Three Examples of Cutting-Edge Battery Technology

Batteries are one of those products that we tend to take for granted until something goes wrong. Maybe our smartphone stops working after 45 minutes, we end up stranded on the side of the road or we discover a dangerously disintegrating battery inside our remote control or other devices.

Fortunately, there are diligent researchers who spend their lives coming up with ways to make the batteries that we use better, safer and more powerful. Check out the following examples of cutting-edge battery technology:

Quick Charge Technology

Traditionally, recharging a smartphone or tablet battery meant plugging the device into the charger and waiting — in some cases, for several hours. Now, thanks to the Quick Charge technology that is found in the Qualcomm Snapdragon series, some of the fastest mobile processors available, you can recharge your mobile device’s battery in a fraction of the time. Called “5 for 5,” this new technology provides a whopping 5 hours of talk time in a measly 5 minutes of charging time. If you have an important call with the boss coming up in 5 minutes and your discover that your battery is dead as a doornail, the Quick Charge technology can not only revive your battery, it can also ease your stress level. In addition, the Qualcomm Snapdragon series is designed to use as little power as possible, so you can enjoy more talk, movie and music time than ever before.
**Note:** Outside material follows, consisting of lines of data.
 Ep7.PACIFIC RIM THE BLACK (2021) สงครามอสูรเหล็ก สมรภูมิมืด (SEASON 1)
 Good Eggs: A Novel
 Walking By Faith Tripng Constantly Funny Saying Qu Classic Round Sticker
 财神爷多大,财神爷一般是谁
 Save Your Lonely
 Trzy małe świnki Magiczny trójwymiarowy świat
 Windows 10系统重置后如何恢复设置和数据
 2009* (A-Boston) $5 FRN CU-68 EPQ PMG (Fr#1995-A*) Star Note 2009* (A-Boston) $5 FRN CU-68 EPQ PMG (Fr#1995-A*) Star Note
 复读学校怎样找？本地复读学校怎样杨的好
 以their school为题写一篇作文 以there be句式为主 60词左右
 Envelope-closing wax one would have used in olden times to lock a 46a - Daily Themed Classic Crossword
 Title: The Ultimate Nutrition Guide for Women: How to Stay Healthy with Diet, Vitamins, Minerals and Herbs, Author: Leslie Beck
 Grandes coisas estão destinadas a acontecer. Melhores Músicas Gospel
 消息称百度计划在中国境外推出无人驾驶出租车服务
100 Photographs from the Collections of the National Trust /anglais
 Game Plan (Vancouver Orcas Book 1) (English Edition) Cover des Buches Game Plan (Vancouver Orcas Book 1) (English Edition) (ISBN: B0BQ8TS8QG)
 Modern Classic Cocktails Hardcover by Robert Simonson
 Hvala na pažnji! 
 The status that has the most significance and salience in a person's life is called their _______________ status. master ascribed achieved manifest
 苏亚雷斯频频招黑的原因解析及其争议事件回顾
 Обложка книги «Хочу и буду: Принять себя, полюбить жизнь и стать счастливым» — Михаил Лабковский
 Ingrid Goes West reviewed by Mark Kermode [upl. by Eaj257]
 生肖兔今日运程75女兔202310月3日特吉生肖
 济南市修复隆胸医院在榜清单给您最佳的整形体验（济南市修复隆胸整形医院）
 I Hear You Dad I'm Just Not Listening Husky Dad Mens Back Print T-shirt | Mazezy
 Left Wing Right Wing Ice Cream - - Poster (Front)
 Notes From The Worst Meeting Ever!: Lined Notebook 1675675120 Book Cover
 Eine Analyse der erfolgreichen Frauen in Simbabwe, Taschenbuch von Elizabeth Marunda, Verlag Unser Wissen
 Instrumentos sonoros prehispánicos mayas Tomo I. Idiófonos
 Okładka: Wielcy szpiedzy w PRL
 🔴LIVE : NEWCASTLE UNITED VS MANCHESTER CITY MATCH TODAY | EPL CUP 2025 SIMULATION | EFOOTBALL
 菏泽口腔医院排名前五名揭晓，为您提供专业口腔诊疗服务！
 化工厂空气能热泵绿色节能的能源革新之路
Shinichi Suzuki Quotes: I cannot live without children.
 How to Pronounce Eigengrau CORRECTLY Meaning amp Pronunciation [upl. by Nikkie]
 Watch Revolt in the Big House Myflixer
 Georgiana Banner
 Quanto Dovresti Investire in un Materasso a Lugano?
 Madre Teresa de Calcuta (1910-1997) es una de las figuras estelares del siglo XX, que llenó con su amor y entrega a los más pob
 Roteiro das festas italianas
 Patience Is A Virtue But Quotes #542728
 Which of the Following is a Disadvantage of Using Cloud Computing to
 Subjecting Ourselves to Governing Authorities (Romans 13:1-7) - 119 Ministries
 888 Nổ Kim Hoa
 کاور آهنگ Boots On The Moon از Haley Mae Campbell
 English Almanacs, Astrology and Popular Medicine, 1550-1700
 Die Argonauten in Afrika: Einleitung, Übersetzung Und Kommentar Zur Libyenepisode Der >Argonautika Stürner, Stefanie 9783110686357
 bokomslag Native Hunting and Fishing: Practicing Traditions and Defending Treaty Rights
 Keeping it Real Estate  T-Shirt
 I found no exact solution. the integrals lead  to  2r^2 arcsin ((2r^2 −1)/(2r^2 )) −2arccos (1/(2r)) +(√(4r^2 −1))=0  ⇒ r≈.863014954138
How Much Battery Life is Left?

In a gas-powered vehicle, the fuel gauge lets you know how much gas you have left. In an electric car, such as those made by Tesla, a state-of-charge monitor lets a driver know how many miles she has left before the car’s battery will need a charge. Since a battery’s ability to hold a charge changes as it gets older, and factors like temperature can also impact the amount of life it has left, a traditional state-of-charge monitor may not give a true reading. This is because it relies on measurements of the battery’s current or voltage, but not external factors. Because it is imperative for this mileage estimate to be as accurate as possible — after all, battery charging stations are not as prevalent as gas stations — researchers are looking at ways to improve these state-of-charge systems. A team of scientists from North Carolina State University recently invented a system that will more reliably determine the amount of charge that is left in a lithium-ion battery — the same type of battery used in plug-in electric cars. They focused on creating a model that will predict the state-of-charge based on a variety of input factors, not just the voltage. After testing the new system, the team was pleased to announce that it was accurate to within 5 percent.

A Safer Solid-State Alkaline Battery

A number of kids’ toys require batteries, as do a variety of gadgets around the house. To ensure that the batteries that we have used to power our flashlights and remote control cars are as safe as possible, the team from Ionic Materials are announcing plans to make solid-state rechargeable alkaline batteries a great alternative to lithium-ion and other types of batteries. As The New York Times notes, alkaline batteries are cheaper and safe, but they are not rechargeable. Researchers from Ionic Materials plan to change that issue by coming up with an alkaline battery that can be recharged hundreds of times, and is also less likely to combust or have other safety problems.

While battery life isn’t typically the first and foremost concern for consumers, better, safer batteries are presently contributing to significant advancements in a number of industries.